Caption-style text data:
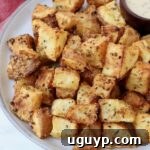 Crispy, seasoned roasted cubed potatoes ready to be served on a plate.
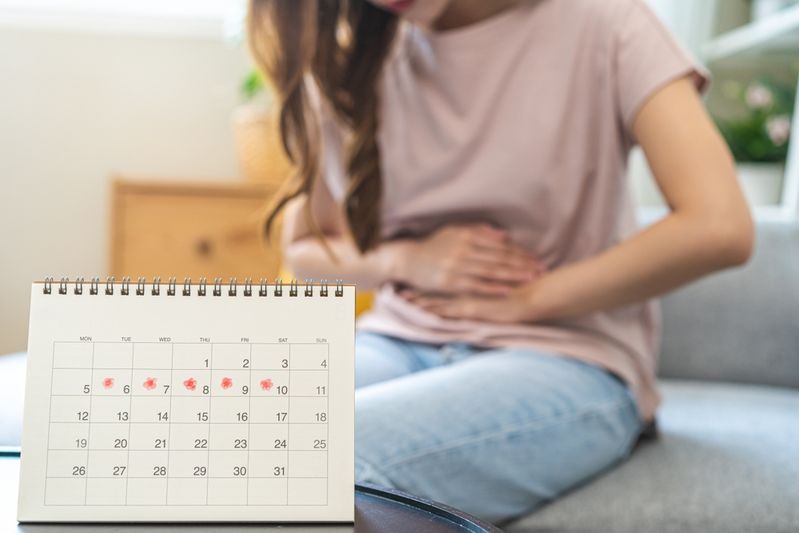 girl with PMS holding abdomen next to calendar showing period dates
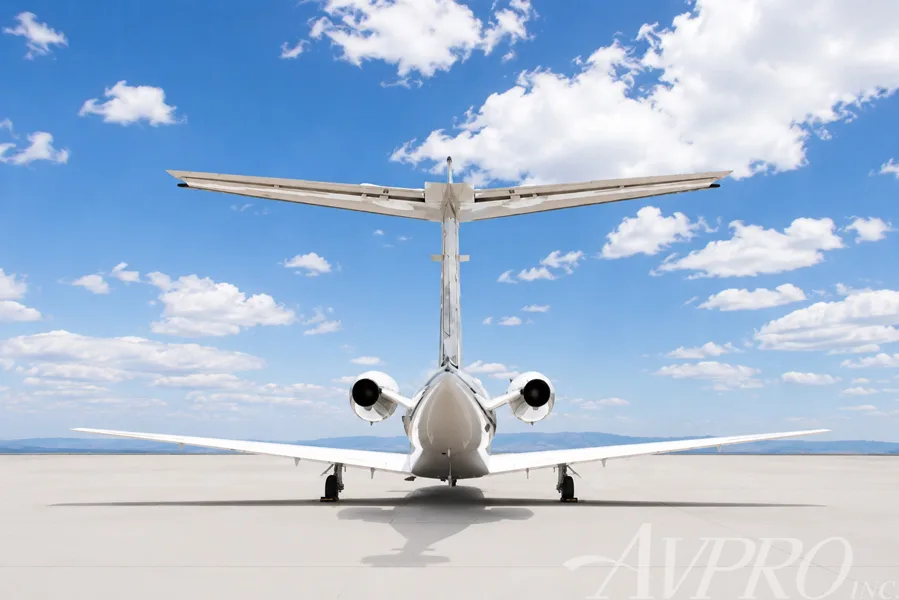 A direct rear view of a white Cessna Citation jet showing the tail, engines, and wings.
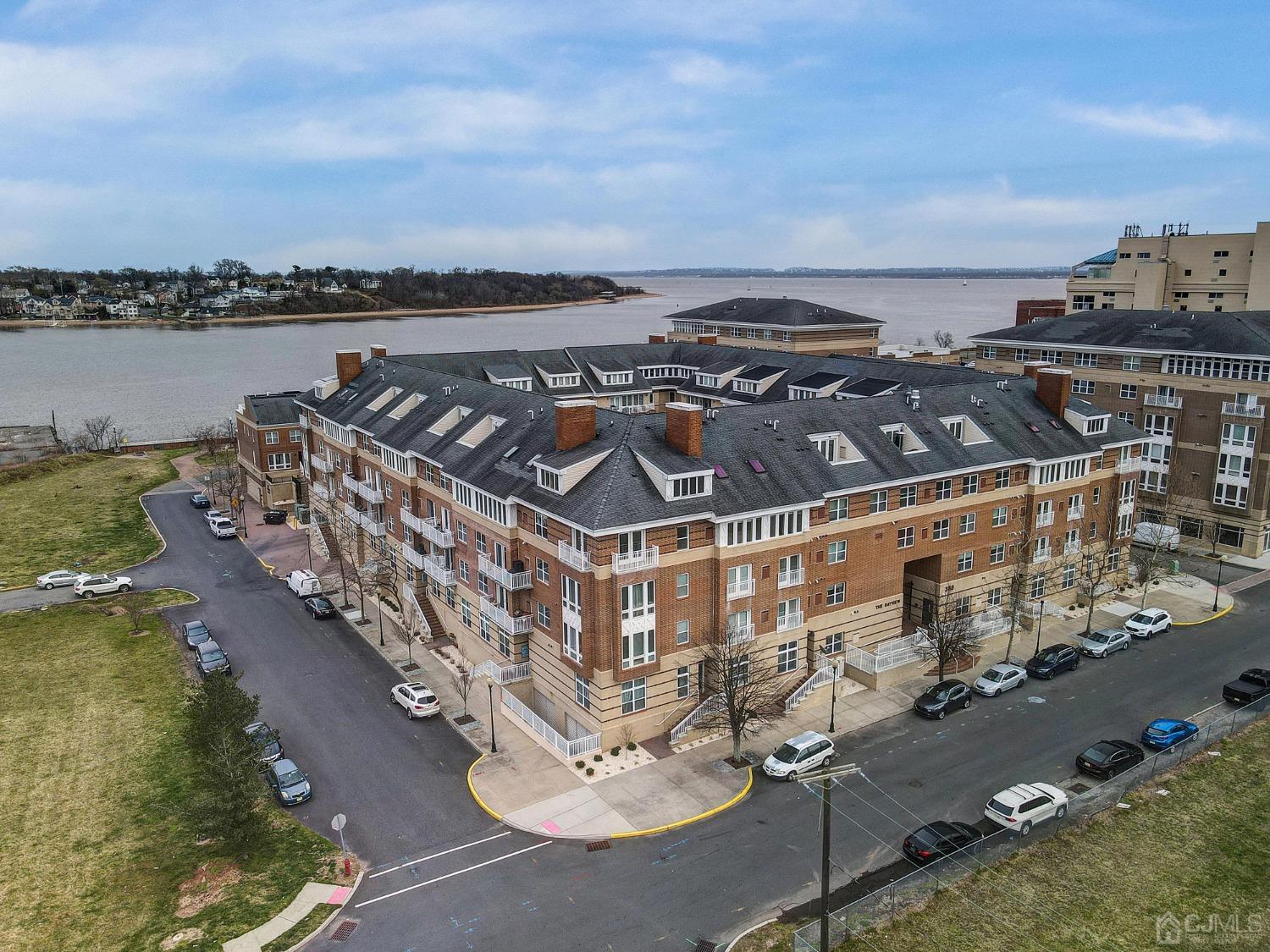 368 Rector Street, Unit 417 Perth Amboy, NJ 08861 - Photo 1 of 27 a view of a city with ocean
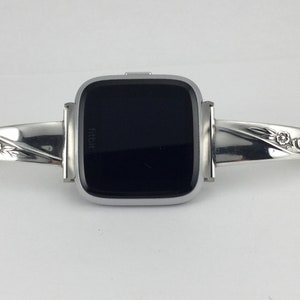 May include: A silver Fitbit Versa watch with a decorative silver bracelet band. The band has a floral design and a small charm.
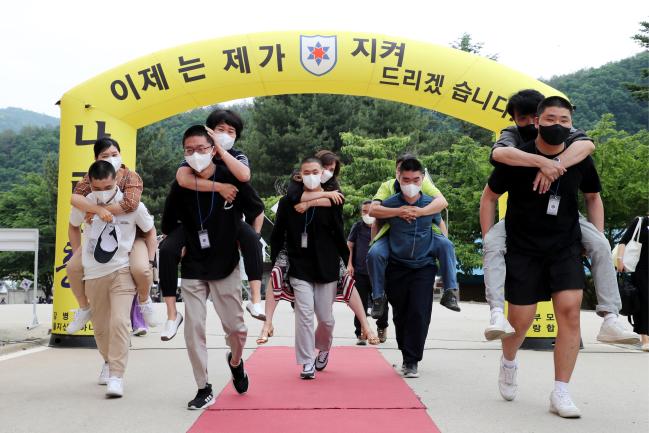 30일 육군12보병사단이 2년 3개월여 만에 재개한 가족 동반 입영식에서 입영 장정들이 부모님을 업고 레드카펫을 걸으며 감사의 마음을 전하고 있다.
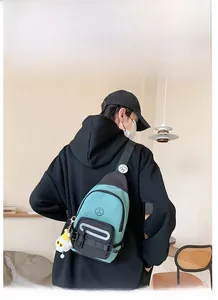 Détail du sac bandoulière bleu sarcelle et noir avec breloque et badge sur la sangle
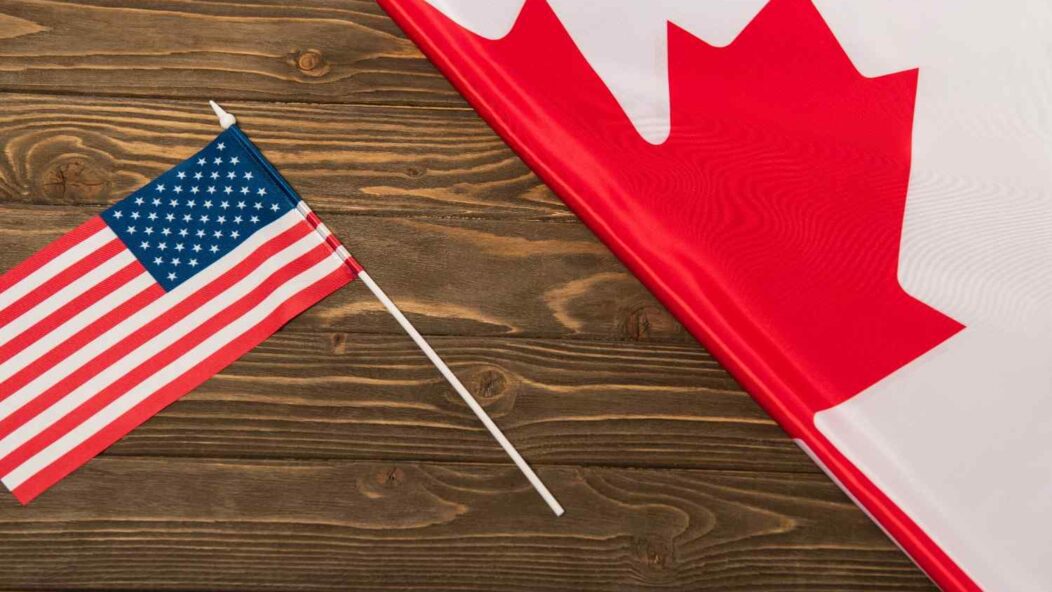 U.S. and Canada flags representing northern border migration and immigration policy issues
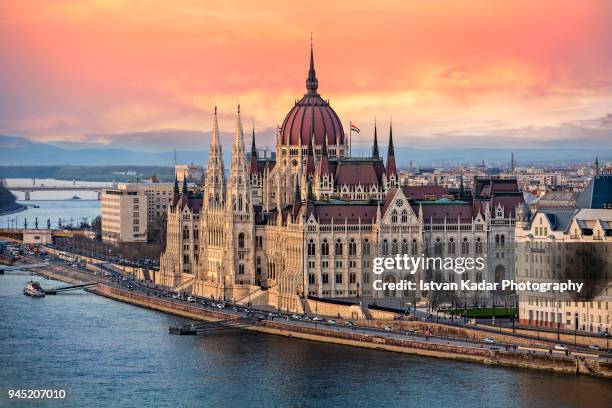 the hungarian parliament on the danube river at sunset in budapest, hungary - budapest stock-fotos und bilder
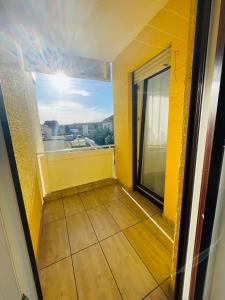 an empty room with a view of a balcony at Modern 2-Room Apartment with Free Parking and Balcony in Waldmohr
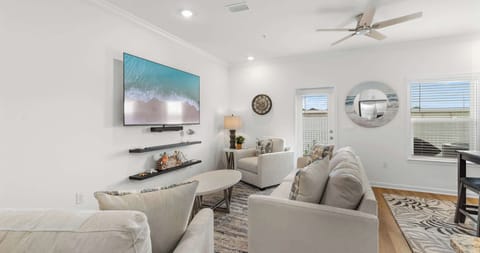 Curl up in the airy living room & stream your favorites on the smart TV​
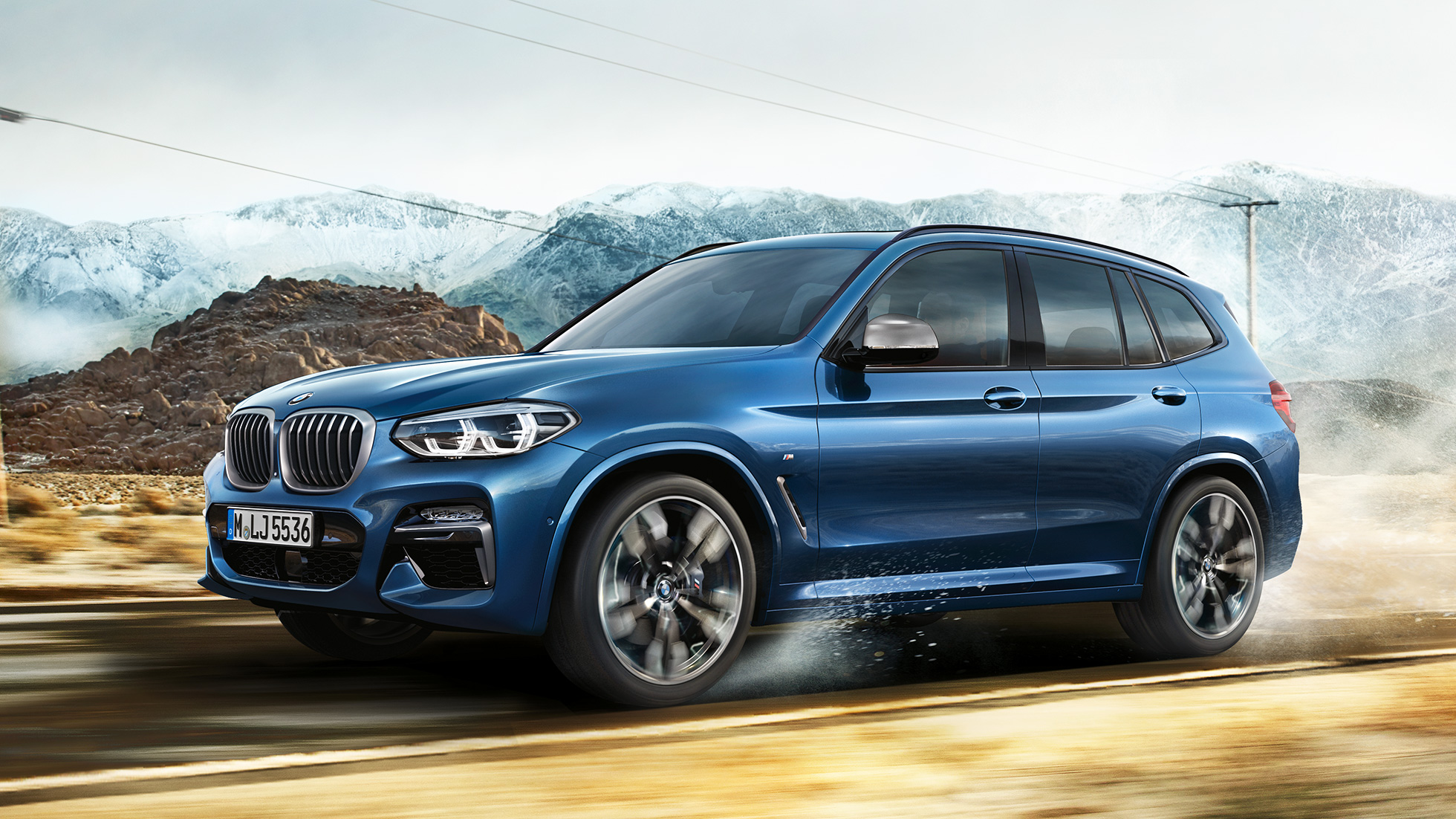 BMW X3 M40i, λήψη ζάντας και μπροστινού προφυλακτήρα μπροστά από ορεινό τοπίο BMW X3 M40i, λήψη ζάντας και μπροστινού προφυλακτήρα μπροστά από ορεινό τοπίο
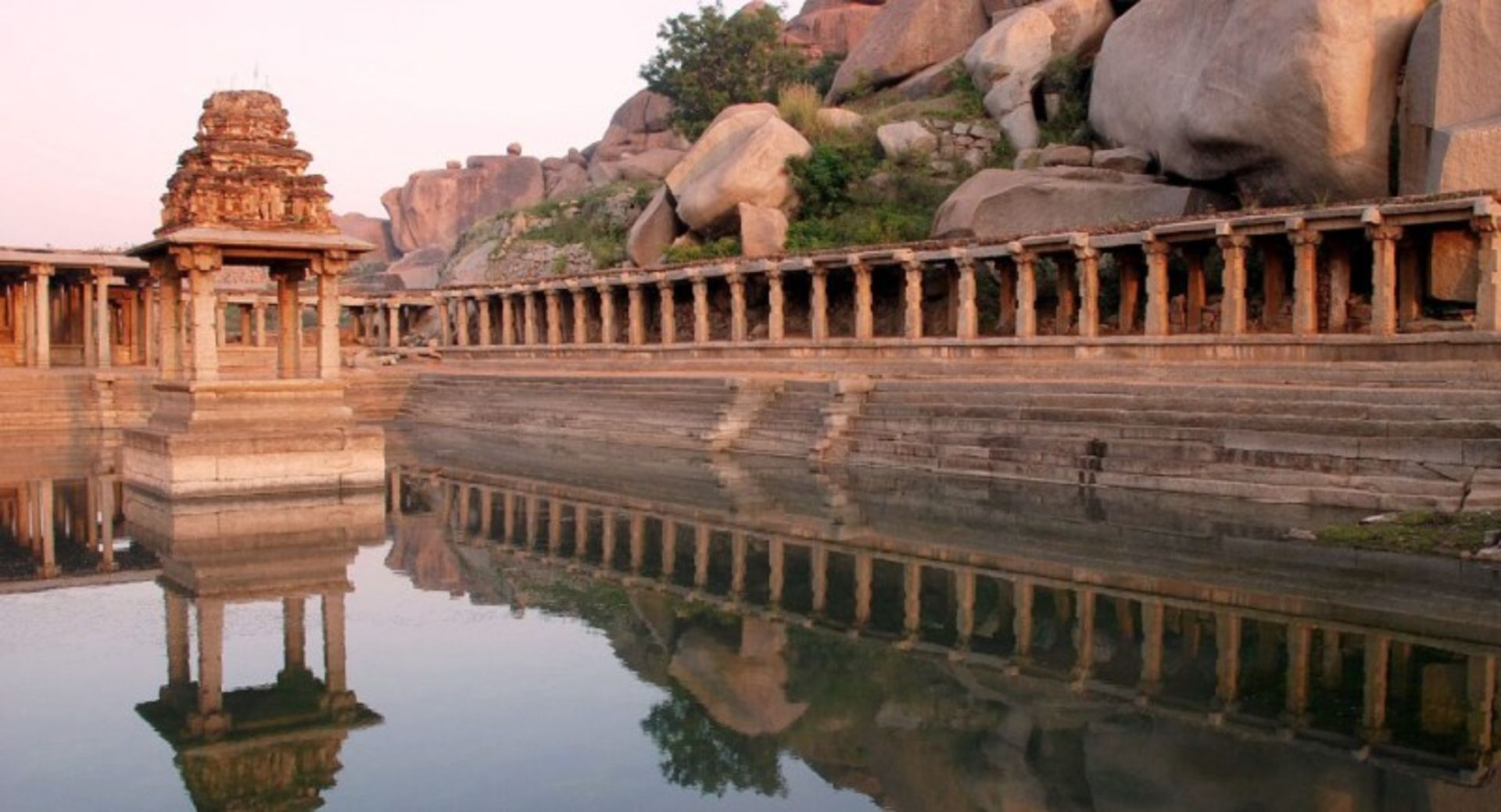 The reflection of the Hampi aqueduct in the water in India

> _YOUR OBJECTIVE_
Give again, word for word, every line from the top of the data through the line with "Curl up in the", both ends included, and exclude the pictures.

> _RESULT_
 Crispy, seasoned roasted cubed potatoes ready to be served on a plate.
 girl with PMS holding abdomen next to calendar showing period dates
 A direct rear view of a white Cessna Citation jet showing the tail, engines, and wings.
 368 Rector Street, Unit 417 Perth Amboy, NJ 08861 - Photo 1 of 27 a view of a city with ocean
 May include: A silver Fitbit Versa watch with a decorative silver bracelet band. The band has a floral design and a small charm.
 30일 육군12보병사단이 2년 3개월여 만에 재개한 가족 동반 입영식에서 입영 장정들이 부모님을 업고 레드카펫을 걸으며 감사의 마음을 전하고 있다.
 Détail du sac bandoulière bleu sarcelle et noir avec breloque et badge sur la sangle
 U.S. and Canada flags representing northern border migration and immigration policy issues
 the hungarian parliament on the danube river at sunset in budapest, hungary - budapest stock-fotos und bilder
 an empty room with a view of a balcony at Modern 2-Room Apartment with Free Parking and Balcony in Waldmohr
 Curl up in the airy living room & stream your favorites on the smart TV​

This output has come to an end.